Matlab Software from "Graphical Model Structure Learning with L1-Regularization"
By Mark
Schmidt (2010)
Last updated 3 February 2012.
Summary
This package contains the code used to produce the results in my thesis:
Roughly, there are five components corresponding to five of the thesis chapters:
- Chapter 2: L-BFGS methods for optimizing differentiable functions plus an L1-regularization term.
- Chapter 3: L-BFGS methods for optimizing differentiable functions with simple constraints or regularizers.
- Chapter 4: An L1-regularization method for learning dependency networks, and methods for structure learning in directed acyclic graphical models.
- Chapter 5: L1-regularization and group L1-regularization for learning undirected graphical models, using either the L2, Linf, or nuclear norm of the groups.

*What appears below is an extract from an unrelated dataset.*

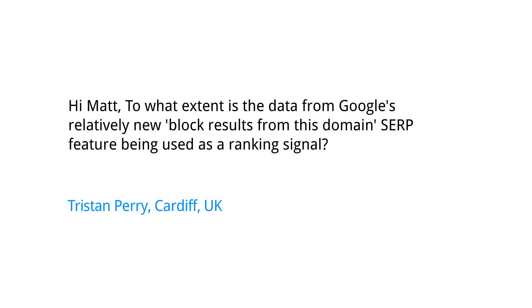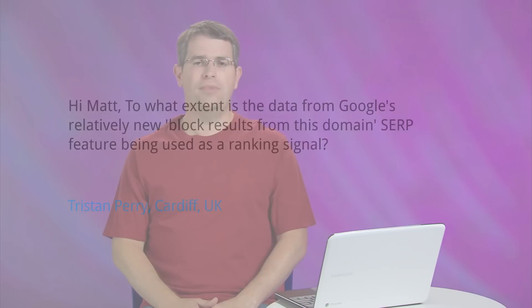To what extent is the data from Google's relatively new block results from this domain SERP feature, that search engine result pages feature, being used as a ranking signal?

- Chapter 6: Overlapping group L1-regularization for learning hierarhical log-linear models, and an active set method for searching through the space of higher-order groups.

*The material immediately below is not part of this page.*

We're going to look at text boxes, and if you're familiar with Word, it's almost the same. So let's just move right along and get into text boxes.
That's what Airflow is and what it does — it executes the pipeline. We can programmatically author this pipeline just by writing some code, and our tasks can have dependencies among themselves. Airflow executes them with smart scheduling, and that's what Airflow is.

Clicking on the image below opens the slides used during my defense, which
briefly overview the methods and some results:
Clicking on the image below opens the slides of a longer talk that covers some
of the material from Chapters 2-3:
Clicking on the image below opens the slides of another talk that
covers some of the material from Chapters 5-6.

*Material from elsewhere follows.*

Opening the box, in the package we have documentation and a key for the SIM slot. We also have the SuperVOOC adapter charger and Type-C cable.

Below are more detailed overviews of the five packages.
Chapter 2: L1General
This package contains a variant on the L1General code that implements a variety of solvers for optimization with L1-regularization. Specifically, they solve the problem:
min_w: funObj(w) + sum_i lambda_i|w_i|,
where funObj(w) is a differentiable function of the parameter vector w and lambda is a vector of non-negative hyper-parameter specifying the scale of the penalty on each element in w.
While the previous L1General code focused on methods that require explicit Hessian calcluation or storing a dense Hessian approximation, this variant ('L1General2') concentrates on limited-memory solvers that can solve problems with millions of variables. Specifically, the following methods are available (see Chapter 2 for details):
- L1General2_SPG: Spectral projected gradient.
- L1General2_BBST: Barzilai-Borwein soft-threshold.
- L1General2_BBSG: Barzilai-Borwein sub-gradient.
- L1General2_OPG: Optimal projected gradient.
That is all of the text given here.